Berlusconi will zurück – Italien zahlt bereits dafür.

Rom - Als sie um die Zeit des Abendessens auseinandergingen, die Großfürsten der Partei, da dachten sie, sie hätten ihren Gründervater überzeugt. Es wäre besser, hatten sie ihm in stundenlanger Diskussion auseinandergesetzt, er, der Hochverdienstvolle, würde seinen Platz räumen und die Wahl eines Nachfolgers zulassen. „Gut, alles klar, morgen machen wir die Sache fertig“, hatte ihnen Silvio Berlusconi noch zugerufen, als sie seinen noblen römischen Palazzo verließen.

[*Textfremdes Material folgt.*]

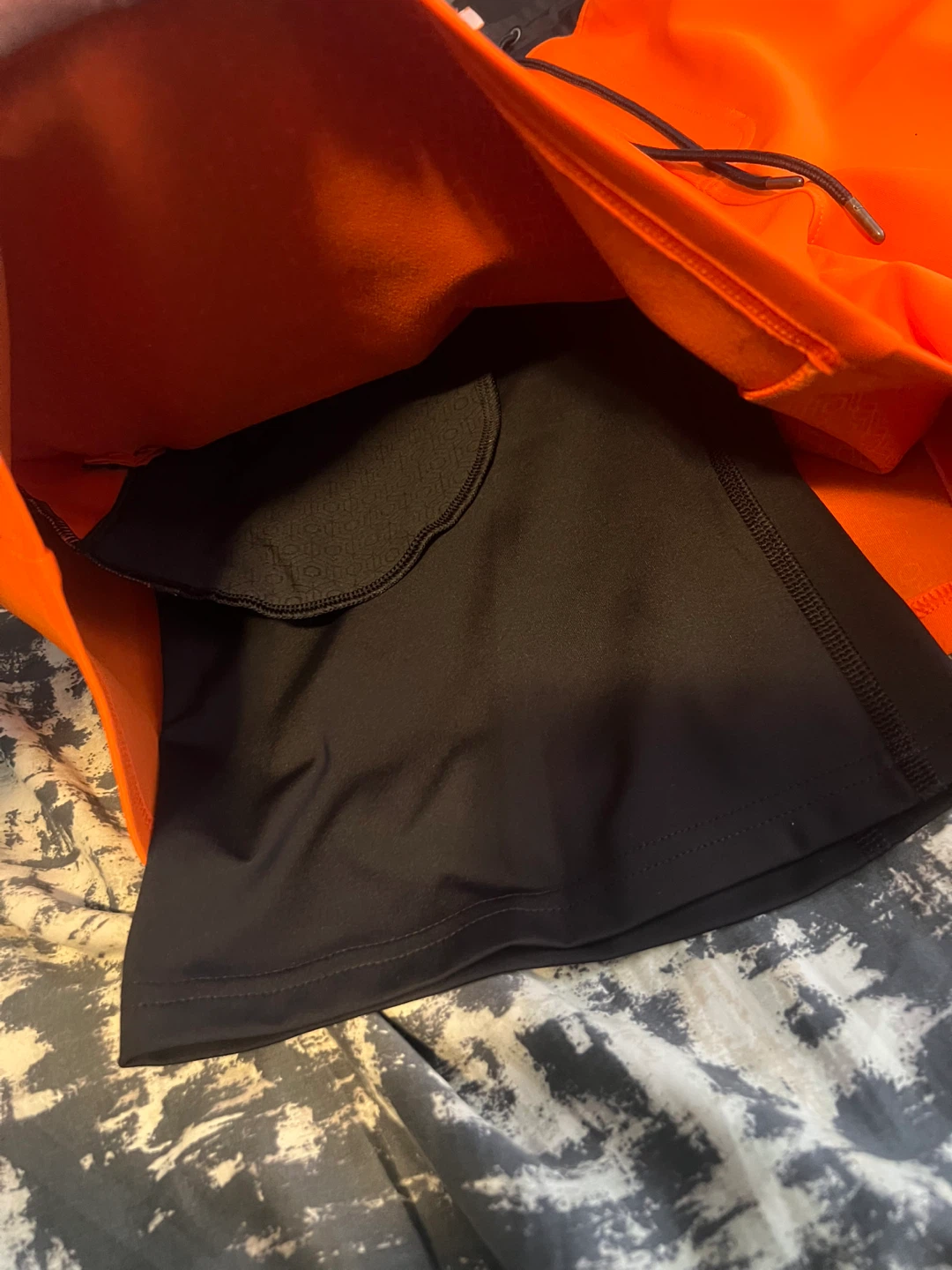 Palm Angels x Under Armour Orange Shorts XXL - photo 3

Zweieinhalb Stunden später war alles anders. Kurz vor Mitternacht lasen Partei und Welt auf Berlusconis Facebook-Seite einen Wutausbruch. Gereizt durch eine Agenturmeldung, er habe während der Diskussion schmollend gesagt: „Ich kandidiere nicht, weil ihr mich eh nicht wollt“, fegte Berlusconi gleich das gesamte Spiel vom Tisch. „Wahr ist: Ich bin umringt von Forderungen, die Führung der Partei schnellstmöglich wieder zu übernehmen. Das Land steht am Abgrund.“ Seine Truppen im Parlament bekamen Anweisung, sich zu enthalten in den beiden Vertrauensabstimmungen, die Mario Montis Regierung angesetzt hatte. Berlusconi hat damit der vor einem Jahr eingesetzten „Techniker“-Regierung seine Unterstützung entzogen. Seine Fraktion aber ist die größte; wenn sie nicht mitspielt, kann Monti einpacken.

Was da zwischen Mittwochnacht und Freitagmittag passiert ist, war nicht Berlusconis erster Purzelbaum. Am 24. Oktober kündigte er im Fernsehen an, „aus Liebe zu Italien“ kandidiere er nicht wieder. Drei Tage später verurteilte ihn ein Mailänder Gericht wegen Steuerhinterziehung zu vier Jahren Haft – da brannten Berlusconis Sicherungen durch: Er müsse zurück, „um das Land von der Diktatur der Richter“ zu befreien. Ende Oktober konnten ihn seine Leute von einem Frontalangriff auf die Regierung Monti gerade noch abhalten; über das Für und Wider einer Rückkehr Berlusconis spaltete sich die Partei. Jetzt, da er nicht mehr zu bremsen ist, kann er sich vor Anhängern kaum retten. Die Nachrichtenagenturen sehen sich zugeschüttet mit den Mails jener Abgeordneten, die ihren alt-neuen „Presidente“ öffentlichkeitswirksam loben – und auf diese Weise einen sicheren Listenplatz für die Parlamentswahl buchen wollen.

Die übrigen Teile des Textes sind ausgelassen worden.